Nimi Sunil Kumar, a blogger and culinary teacher lives in the hill station of Munnar and loves experimenting with food. She is also a chronicler of vanishing culinary traditions. “Every dish and snack item in Kerala has variations according to the region and the communities they are popular in,” she says. And some are lost because no one makes them anymore, she rues. Kumar has tried to document traditional tea-time palaharams in her cookbook, 4 O’Clock Temptations of Kerala. The book won the Gourmand World Cookbook Award for 2015-16 in the Best Indian Cuisine Cookbook section.

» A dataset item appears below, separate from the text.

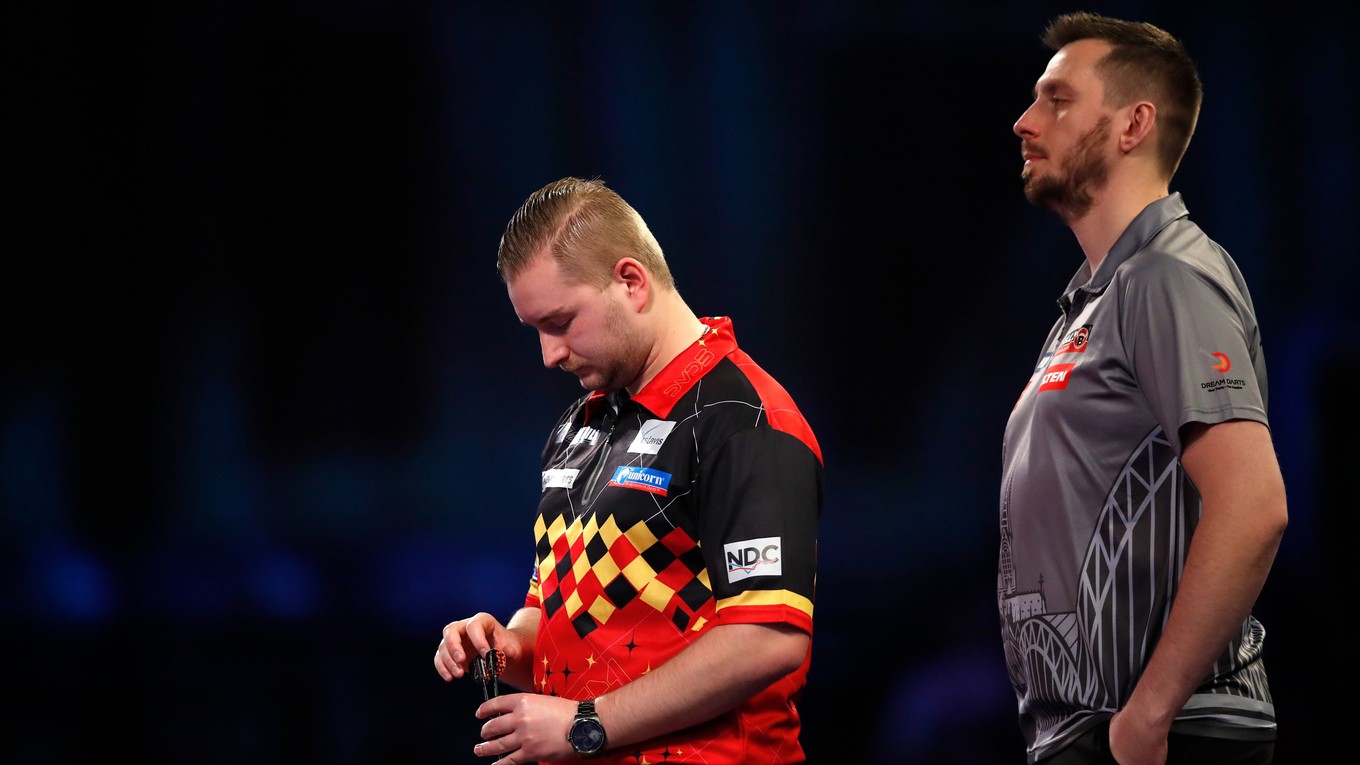 Belgičan Dimitri Van den Bergh a jeho nemecký súper Florian Hempel.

Here are two recipes from her book:


These are small, round fried snacks made using either mashed banana or jackfruit preserve.


2 cups rice flour
¼ kg jaggery broken into pieces or ½ cup brown sugar
1 or 2 cups mashed bananas (small ones are preferred)
½ tsp sesame seeds
3 tsp coconut pieces roasted in ghee
½ tsp baking soda
Seeds of 3 cardamom pods slightly pounded
¼ tsp dry ginger powder
A pinch of salt
Oil for frying


  • Heat jaggery pieces in a pan with ½ cup water and let it melt to make a jaggery syrup. Strain the impurities out and keep the melted jaggery aside.
  • In a bowl, mix rice flour, melted jaggery, sesame seeds, cardamom, mashed bananas, baking soda, salt and dry ginger powder with the required amount of water to get batter of dropping consistency.
  • Heat oil in an unniyappam pan (an iron pan with small depressions, resembling an idli steamer). Once the oil is hot, pour the batter into each of the depressions in the pan. Cook on medium flame, then turn over the unniyappams with a fork so that both sides get evenly browned. Take them out.
  • Follow this procedure for the remaining batter. Drain/wipe off excess oil and serve hot.

Ottada (rice pancakes)

For the dough

1¼ cup rice flour
Warm water to knead the dough
1 tsp coconut oil
Salt to taste

For the filling

1 cup scraped coconut
½ cup jaggery syrup
1 or 2 cardamom pods crushed
2 tsps ghee
Banana leaves cut into rectangular shapes


  • In a bowl, knead rice flour into a soft dough with salt, coconut oil and just the right amount of water.
  • Heat a pan with ghee, add the scraped coconut. Fry the coconut for a few minutes, then pour the jaggery syrup. Add crushed cardamom. Keep stirring this mixture, till the jaggery syrup thickens and coats the coconut completely. Take it off the flame.
  • Take a banana leaf, pinch a portion of the dough, and flatten this pinched portion onto the banana leaf with your fingers. To ensure that you flatten out the dough as thinly as possible, dip your fingertips in oil and press out the dough. (Once you have used one leaf, take more of the dough and press it out onto another leaf. Repeat till all the dough is used up.)
  • Spoon in some of the filling onto one half of the banana leaf on which you have pressed the dough. Fold the other half and pinch the edges closed with your fingers.
  • Heat a flat-bottomed clay pot or pan, place the folded banana leaf on the pan and cook. Once, one part of the Ottada is cooked, it will start browning, and you can see brown patches. Flip it and cook the other side till it too has roasted and has slightly browned spots.
  • Once done, transfer onto a plate. Continue till you finish cooking the rest of the dough/leaves.